I hope you do that soon. I love your country, and spent three summers sailing the coast. What is needed is a publisher, and someone who reads French well enough to understand the book, and replace a number of illustrations which are specific to France by other equivalent ones that would mean something to your countrymen. Let’s do it!
§ How many words does Globish consist of?
There are 1.500 words. The list can be downloaded from the website www.jpn-globish.com. This is a lot, as many English words become other words, which are then viewed as legitimate in Globish. For instance, “care” gives you “careful, carefully, carefulness, careless, carelessly, carelessness, uncaring,”, etc,… Many words are missing though, on purpose to keep it light.

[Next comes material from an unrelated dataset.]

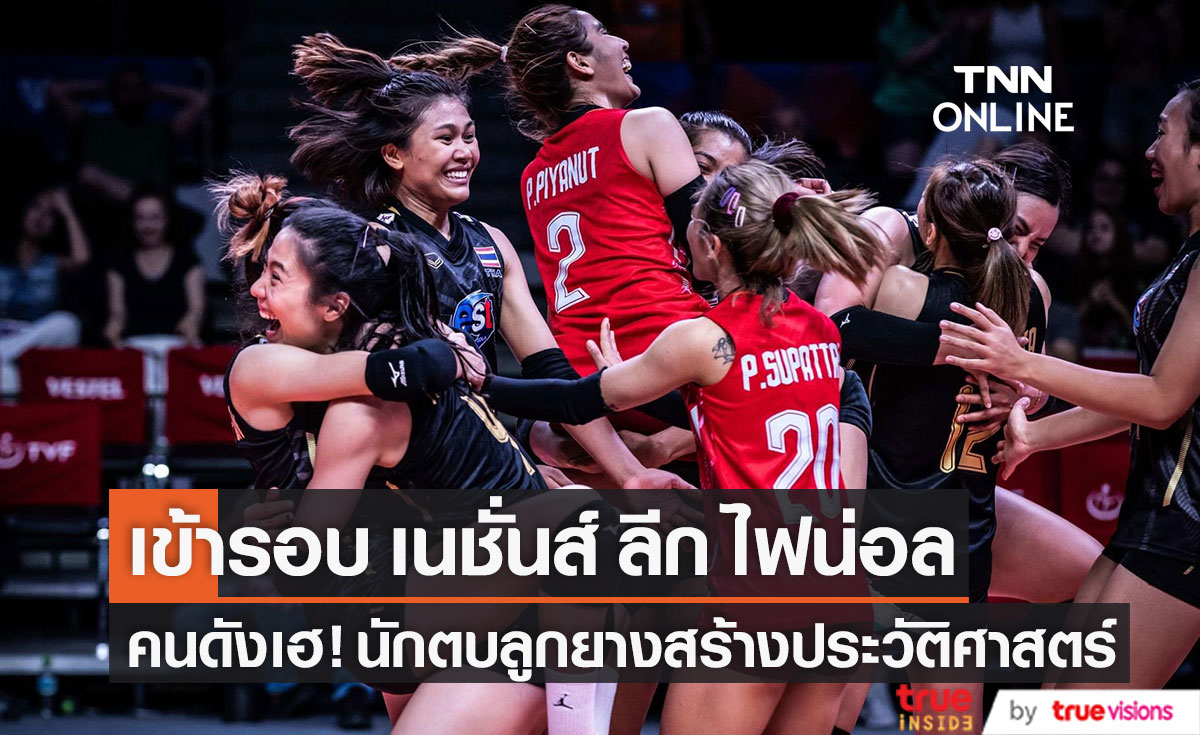 คนดังเฮ! วอลเลย์บอลหญิง เข้ารอบ เนชั่นส์ ลีก ไฟน่อล จ่อแข่งแบบน็อกเอาท์ 13 ก.ค. นี้ (มีคลิป)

For instance, you should not use “nephew”, too complicated for many people in the world. Instead, you will say “the son of my brother”, and you do not lose anything in terms of precision. When you are used to it, it becomes automatic.
§ According to which grammatical rules does Globish function?
The English grammar. Nothing else. Globish is not incorrect English. It is “English light”. We recommend simple sentences, but each of them is constructed along the usual rules. As they are shorter, they are less convoluted.
§ What is the main goal of Globish and how do you picture its future?
The goal is to spread, and become an official language which would facilitate the life of everyone, and put everyone on a par. Globish is not easier for an Englishman or an American than it is for me or you. Maybe, some day, it will be accepted as a viable alternative by the European Union or the United Nations, or other international bodies: it would increase their efficiency very fast, and to a great extent. And the national languages like French could hardly complain: it leaves them a great space in which to have a wonderful influence.